▶ _EXERCISE BRIEF_
Go to the line with "Söt Gräns Collie" in the entries below and write out every line from there through the line with "Photo of Others in Mora de Rubielos", exactly and without pictures.

▶ _RECORDS FOR PROCESSING_
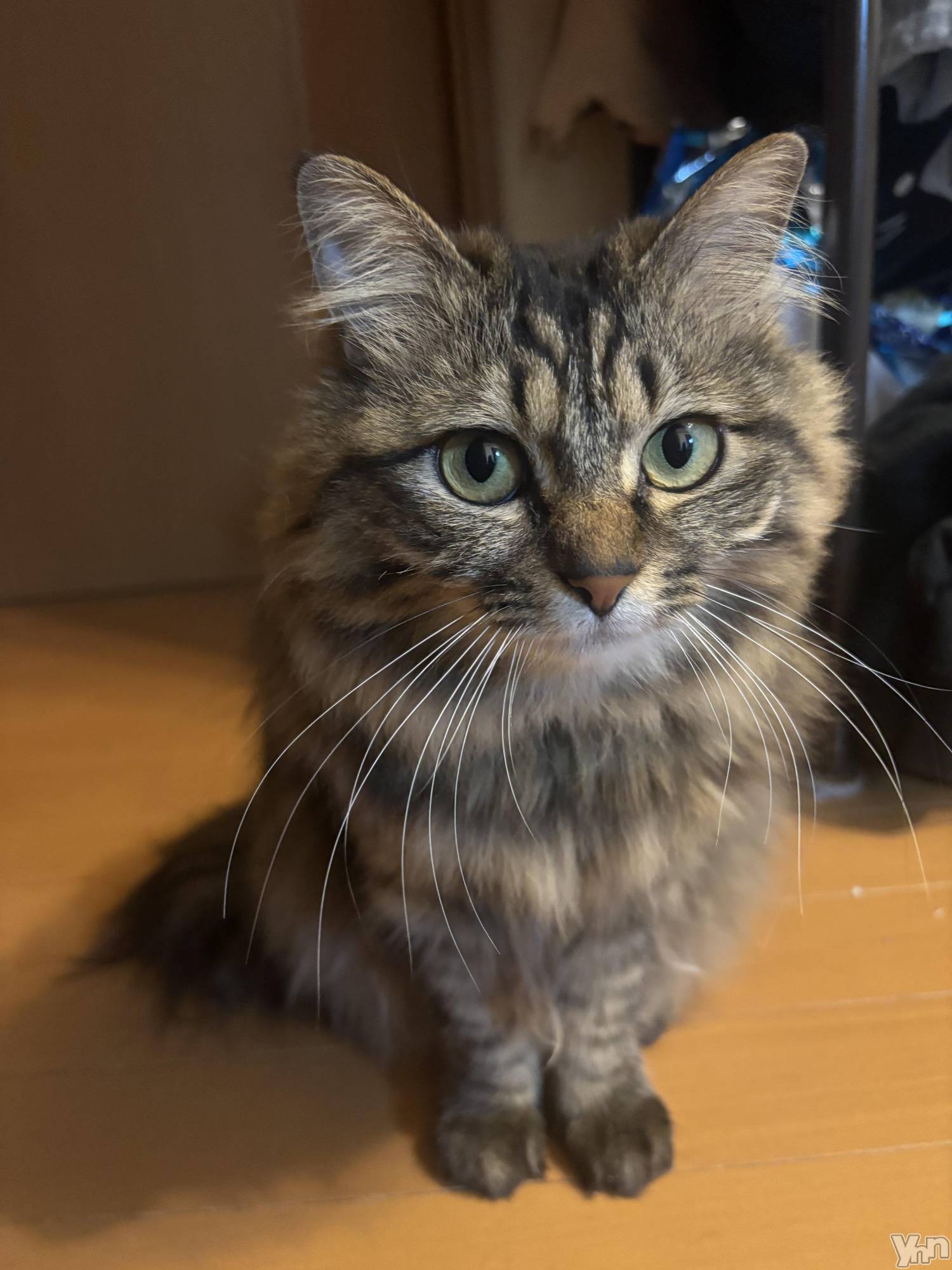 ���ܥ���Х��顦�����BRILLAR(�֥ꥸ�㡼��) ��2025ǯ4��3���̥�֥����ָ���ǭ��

* * *

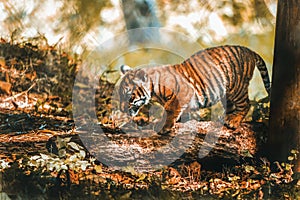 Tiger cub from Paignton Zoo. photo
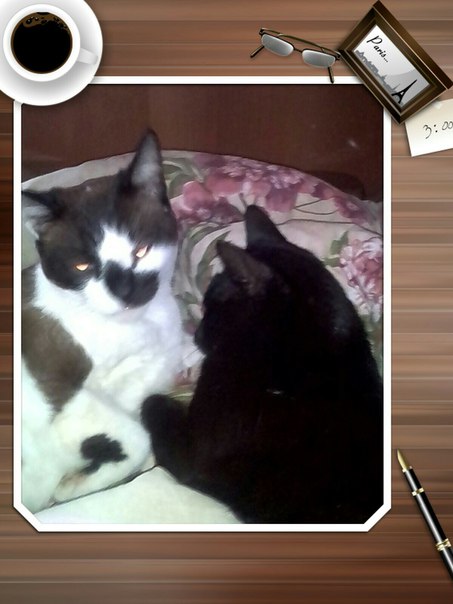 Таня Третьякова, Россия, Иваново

==

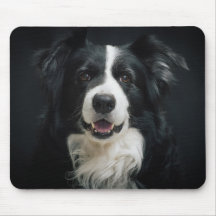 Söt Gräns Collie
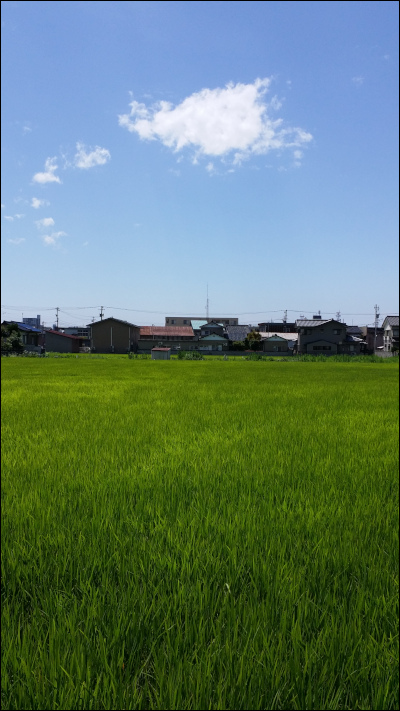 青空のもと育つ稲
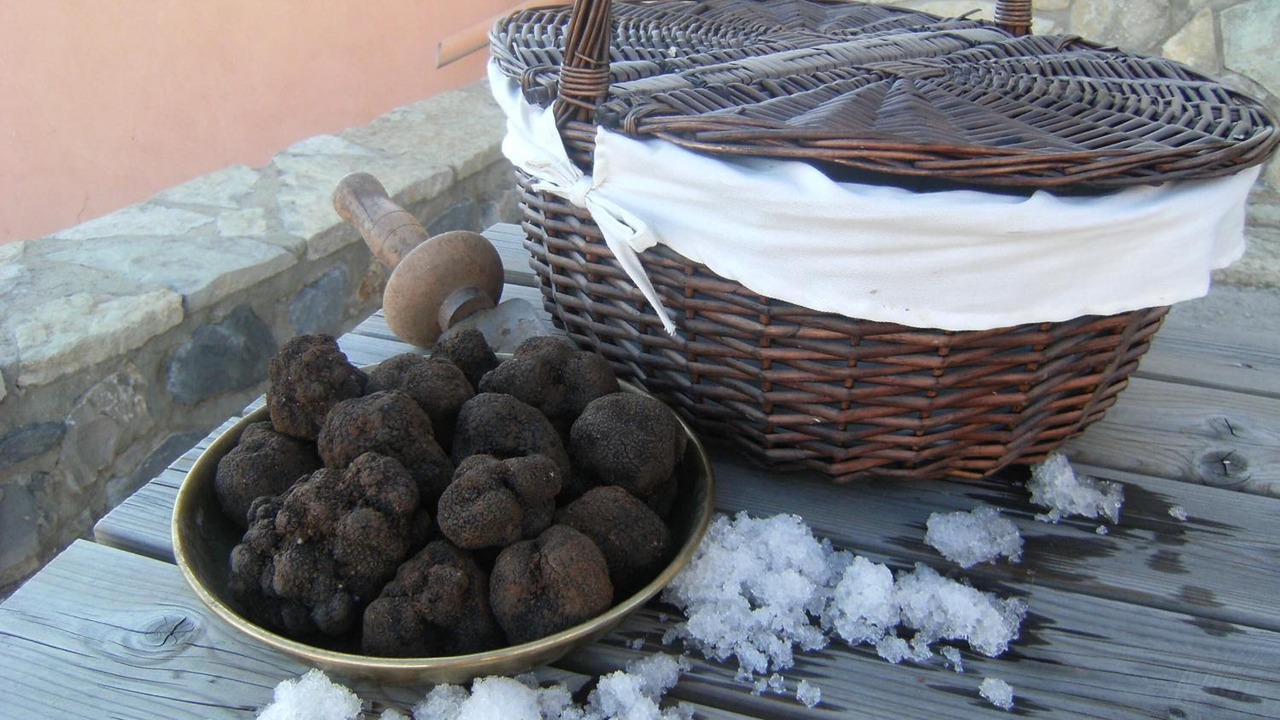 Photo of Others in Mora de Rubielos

▶ _TASK RESPONSE_
 Söt Gräns Collie
 青空のもと育つ稲
 Photo of Others in Mora de Rubielos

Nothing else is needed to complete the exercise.